# Aim of the exercise
Could you please write out the data shown below, exactly and in full?

# Input for this task
==================================================

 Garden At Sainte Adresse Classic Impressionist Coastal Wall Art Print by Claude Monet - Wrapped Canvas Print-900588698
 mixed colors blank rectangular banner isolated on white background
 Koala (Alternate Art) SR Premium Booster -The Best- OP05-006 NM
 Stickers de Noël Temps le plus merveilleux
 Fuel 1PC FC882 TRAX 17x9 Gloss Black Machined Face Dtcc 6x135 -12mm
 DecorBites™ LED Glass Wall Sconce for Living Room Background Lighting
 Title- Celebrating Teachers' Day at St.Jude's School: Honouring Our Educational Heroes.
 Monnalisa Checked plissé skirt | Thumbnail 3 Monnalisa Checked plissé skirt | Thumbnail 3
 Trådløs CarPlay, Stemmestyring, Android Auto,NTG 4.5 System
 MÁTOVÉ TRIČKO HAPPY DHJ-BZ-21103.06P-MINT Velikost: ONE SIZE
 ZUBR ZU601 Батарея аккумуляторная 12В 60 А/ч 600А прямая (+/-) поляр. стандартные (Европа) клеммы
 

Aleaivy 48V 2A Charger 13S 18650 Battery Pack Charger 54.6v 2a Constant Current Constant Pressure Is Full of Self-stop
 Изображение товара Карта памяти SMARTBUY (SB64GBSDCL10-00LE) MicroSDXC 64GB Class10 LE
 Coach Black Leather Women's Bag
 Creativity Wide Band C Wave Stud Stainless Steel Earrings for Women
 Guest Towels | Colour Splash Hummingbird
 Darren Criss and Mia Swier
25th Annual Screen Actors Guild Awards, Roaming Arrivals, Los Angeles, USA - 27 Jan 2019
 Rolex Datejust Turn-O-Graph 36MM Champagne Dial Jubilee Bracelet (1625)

==================================================

# Solution for this task
 Garden At Sainte Adresse Classic Impressionist Coastal Wall Art Print by Claude Monet - Wrapped Canvas Print-900588698
 mixed colors blank rectangular banner isolated on white background
 Koala (Alternate Art) SR Premium Booster -The Best- OP05-006 NM
 Stickers de Noël Temps le plus merveilleux
 Fuel 1PC FC882 TRAX 17x9 Gloss Black Machined Face Dtcc 6x135 -12mm
 DecorBites™ LED Glass Wall Sconce for Living Room Background Lighting
 Title- Celebrating Teachers' Day at St.Jude's School: Honouring Our Educational Heroes.
 Monnalisa Checked plissé skirt | Thumbnail 3 Monnalisa Checked plissé skirt | Thumbnail 3
 Trådløs CarPlay, Stemmestyring, Android Auto,NTG 4.5 System
 MÁTOVÉ TRIČKO HAPPY DHJ-BZ-21103.06P-MINT Velikost: ONE SIZE
 ZUBR ZU601 Батарея аккумуляторная 12В 60 А/ч 600А прямая (+/-) поляр. стандартные (Европа) клеммы
 

Aleaivy 48V 2A Charger 13S 18650 Battery Pack Charger 54.6v 2a Constant Current Constant Pressure Is Full of Self-stop
 Изображение товара Карта памяти SMARTBUY (SB64GBSDCL10-00LE) MicroSDXC 64GB Class10 LE
 Coach Black Leather Women's Bag
 Creativity Wide Band C Wave Stud Stainless Steel Earrings for Women
 Guest Towels | Colour Splash Hummingbird
 Darren Criss and Mia Swier
25th Annual Screen Actors Guild Awards, Roaming Arrivals, Los Angeles, USA - 27 Jan 2019
 Rolex Datejust Turn-O-Graph 36MM Champagne Dial Jubilee Bracelet (1625)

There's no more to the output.